As believers in the transformative power of online communities as well as neighborhoods and villages, we're making this outreach to anyone out there as drawn as we are to the Wheel of NonViolence (created by Chris Moore-Backman) as a model for moving together toward more joyful, integrated lives. Here we will log our daily experiments with the Wheel, and invite you to share your journey as well.

Wheel of NonViolence

Wheel of NonViolence
Chris Moore-Backman's vision for how Gandhi's principles may be practiced today in the West

Sunday, June 6, 2010

Starting Where We're At --by JD

So, we're hardly the nonviolent-life Avatars (half our age, half the time) that we see around us in our progressive little town. But we gotta start where we are. And we're not in the same place we were even a few years ago, which tells us that even when you're as lazy as we are, change can happen.

Part of this game for us will be to talk about where we are, from whence we've come, and where we'd like to go, both the baby steps and the leaps.

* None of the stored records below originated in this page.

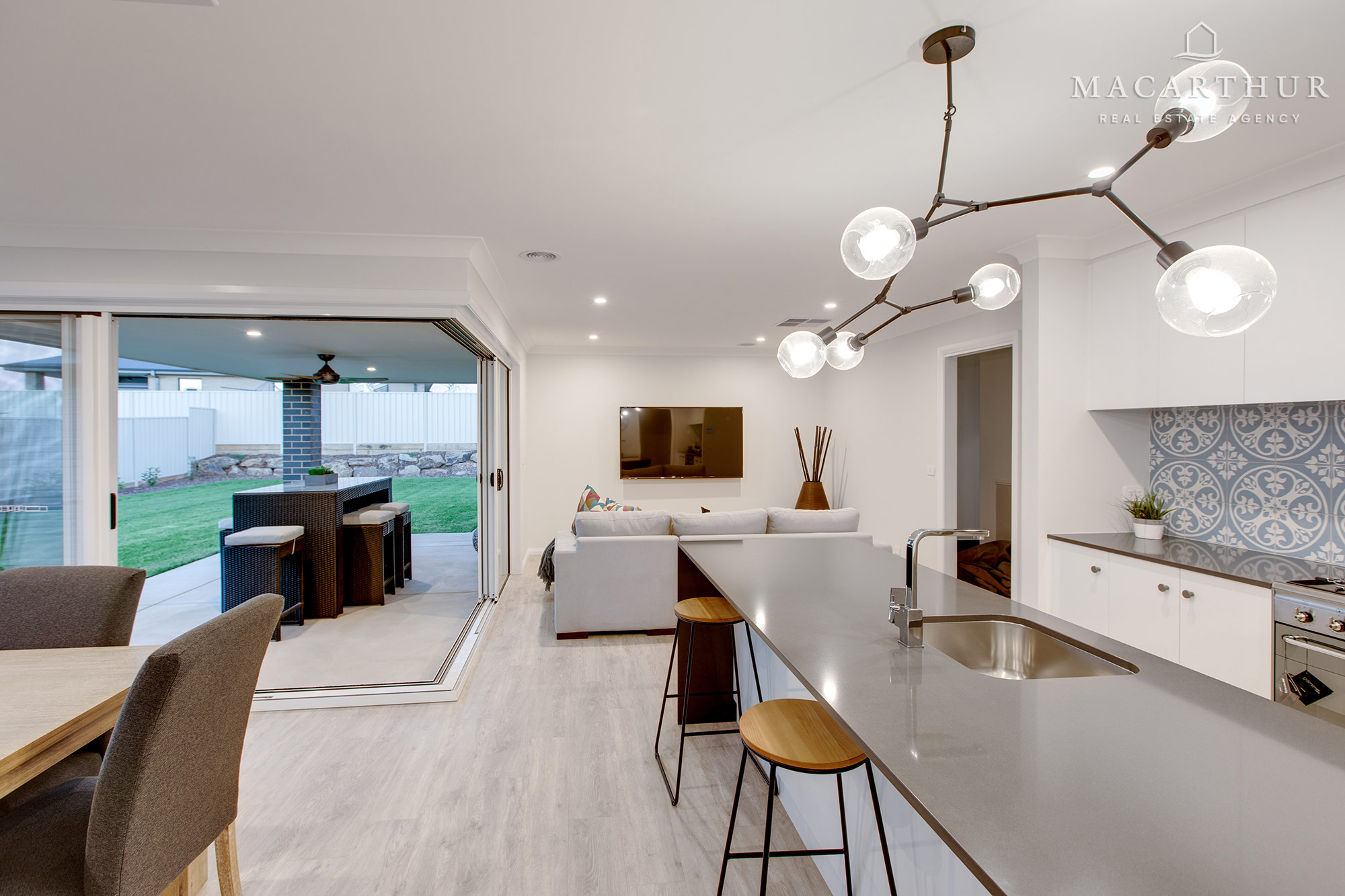 49 PARADISE DRIVE, Gobbagombalin NSW 2650 - Image 3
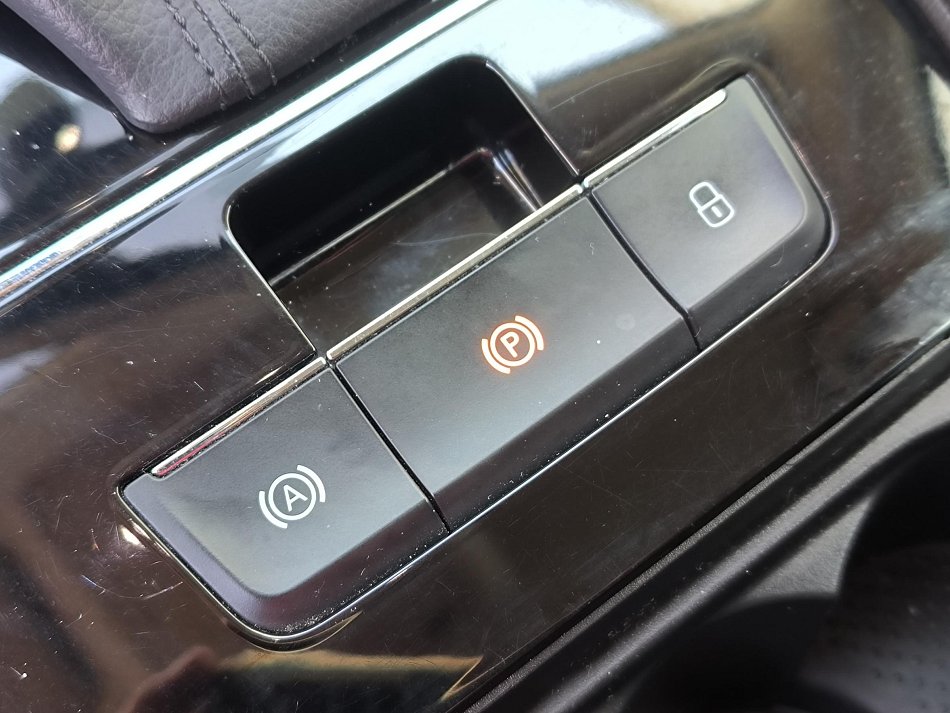 Škoda Superb III 2.0TSi L&K 4x4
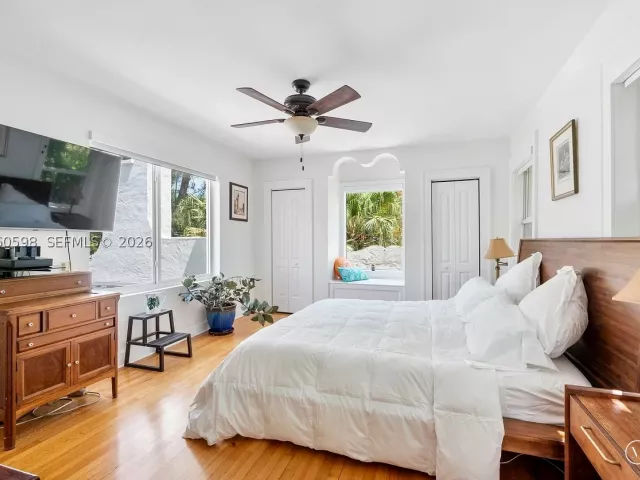 4-bedroom home for sale in Coral Gables - 1042 Sorolla Ave - MondialRealty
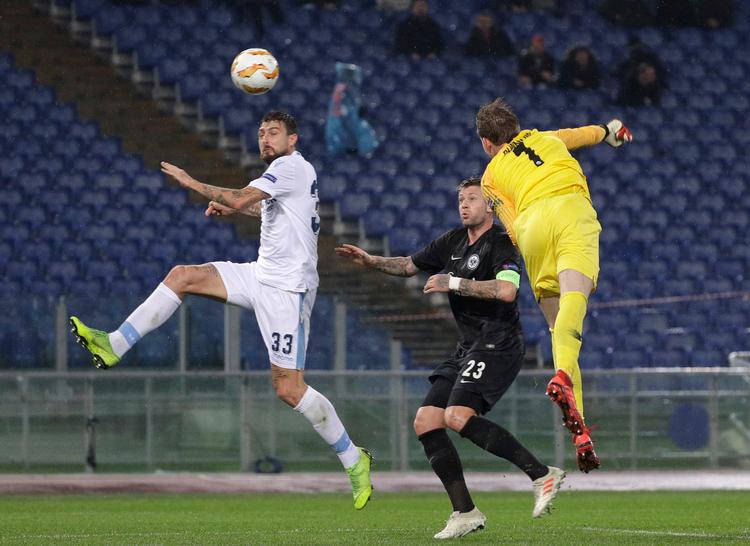 For anden gang i denne sæson var Frederik Rønnow på mål for Eintracht Frankfurt i Europa League.
   Foto: Gregorio Borgia/AP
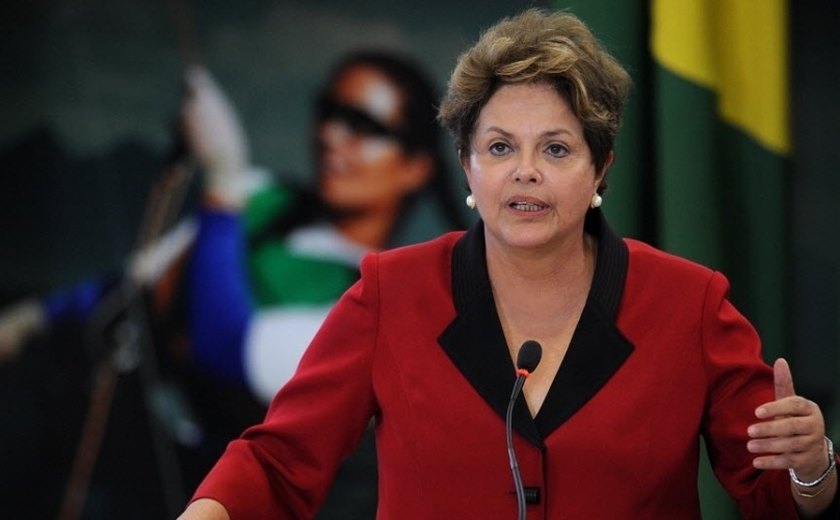Taxas futuras terminam nas máximas após fala de Dilma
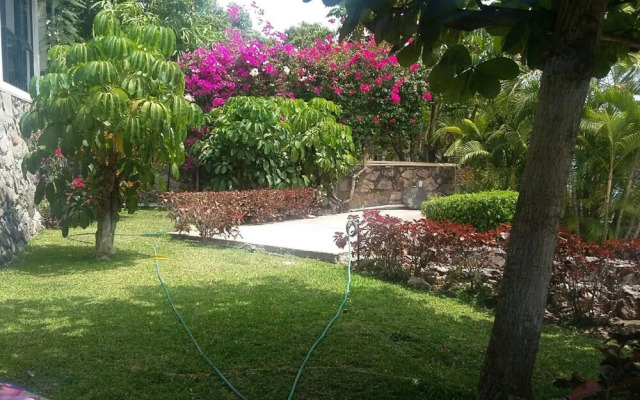 LA Casa MÁS Bonita DE Teques - 30 Personas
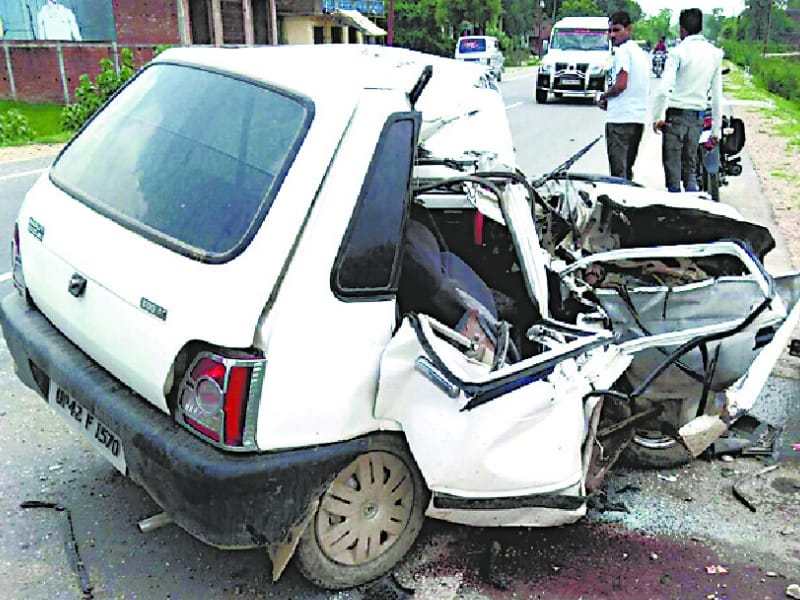  Three died in a car accident in sultanpur.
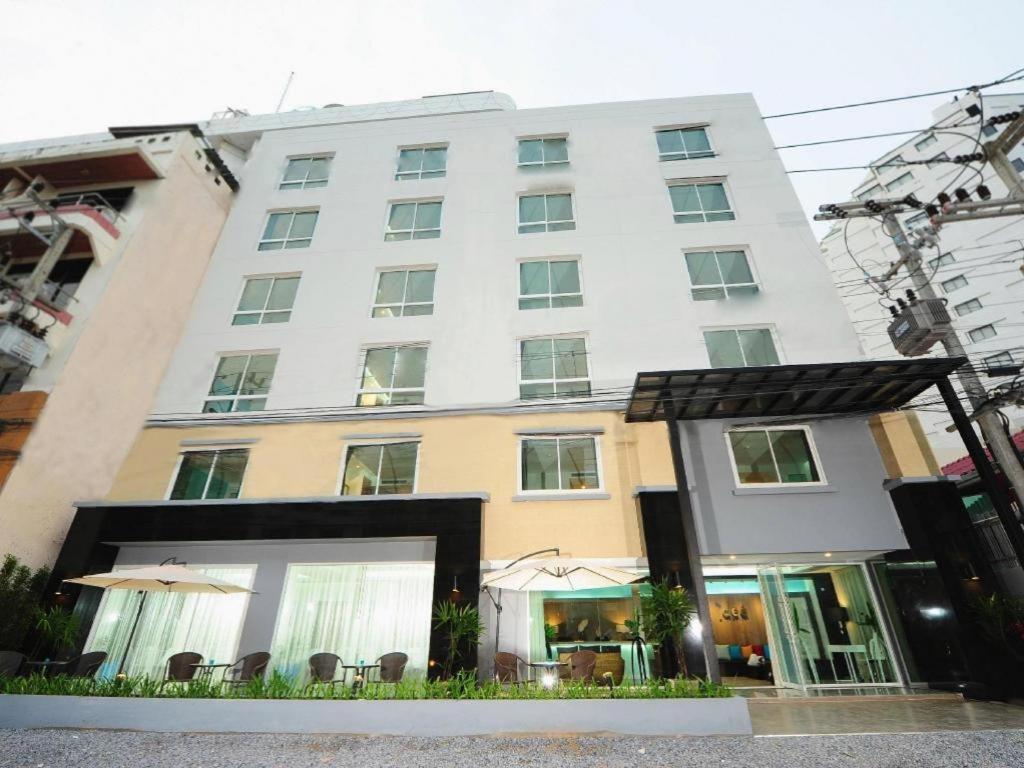 Hotel By Dee @Jomtien Pattaya Exterior foto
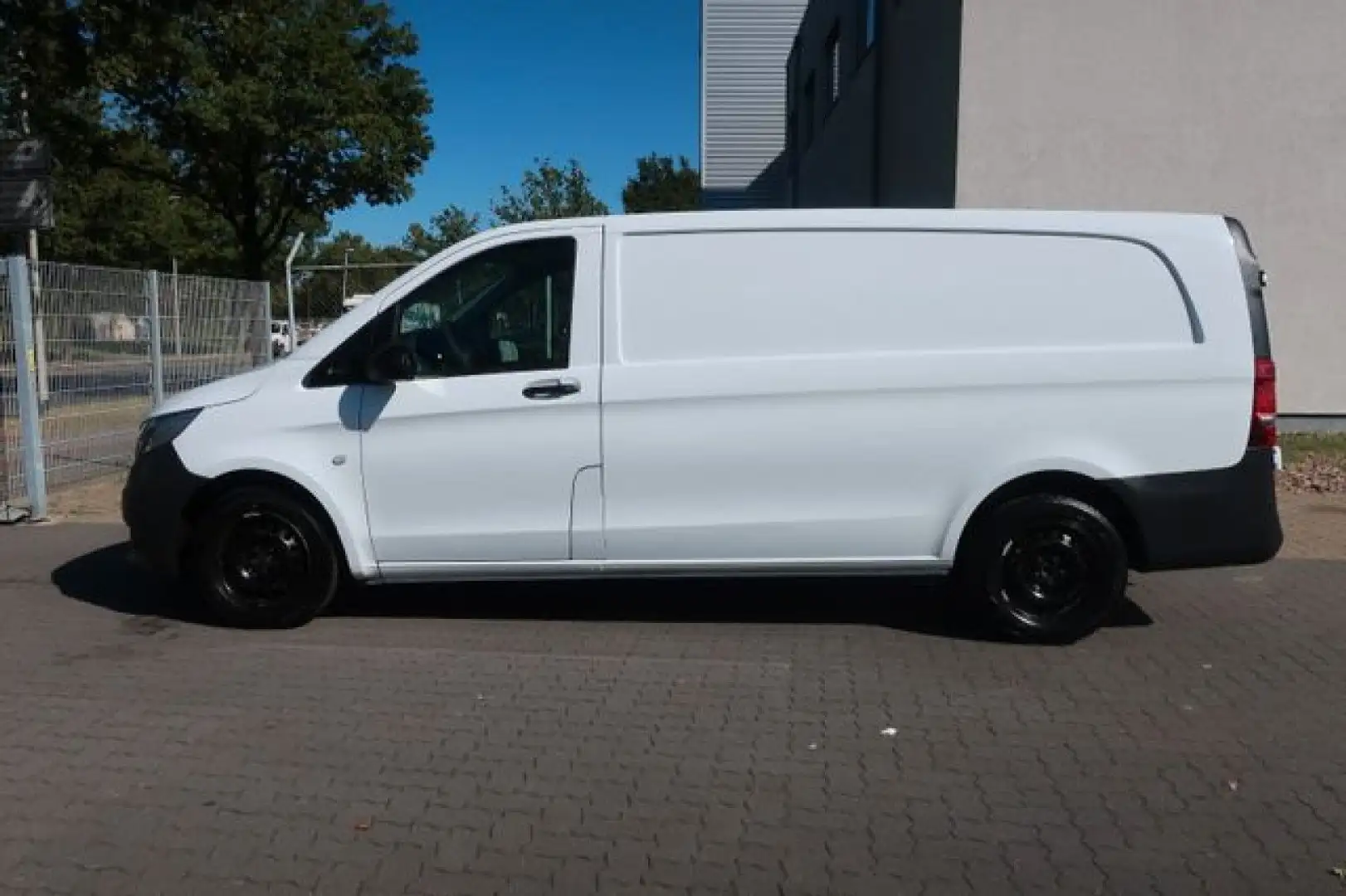 Mercedes-Benz Vito Kasten 111 CDI extralang Klima Werkstatt White - 2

This morning, after the dogs kicked us out of (their) bed and demanded their eggs & rice, we had to hustle the 3 miles down to the church to hear Chris Moore-Backman speak for an hour about Gandhi's practices and the wheel.

We rode our bikes, mostly out of rage at seeing more photos in the morning paper of the BP oil spill and the struggling, suffering, poisoned wildlife. Biking even that little way made me feel LESS angry, which makes me think guilt is a big part of my anger.

And the spinning of our bike tires made me think of Gandhi's spinning wheel, and how it was a spiritual practice for his community that became a symbol of their movement. Maybe the spinning bike wheel will become a symbol for a new Gandhian movement the USA.

Part of my current challenge with "withdrawing support from violent structures and building alternatives" is getting off of petroleum as much as humanly possible. Which is rough. That is, the amount of planning that goes into biking places, especially at night.

So part of my adjustment for now will be the easy steps. That is, bike where I CAN. Which actually is most places, most of the time.

Where the adjustment is much more difficult, I am considering spending double or triple the amount of money/energy/time associated with the petrol on alternative energy sources and movements--like carbon credits, but probably something I can more easily verify and take action toward locally.

It's not ideal, but it's a way for me to remove the unconscious aspect of the petroleum use, and begin to at least pro-actively address the vague sense of degradation I feel when I drive. Anyone else out there struggling with the driving thing?

All for now. Must go water the parched garden.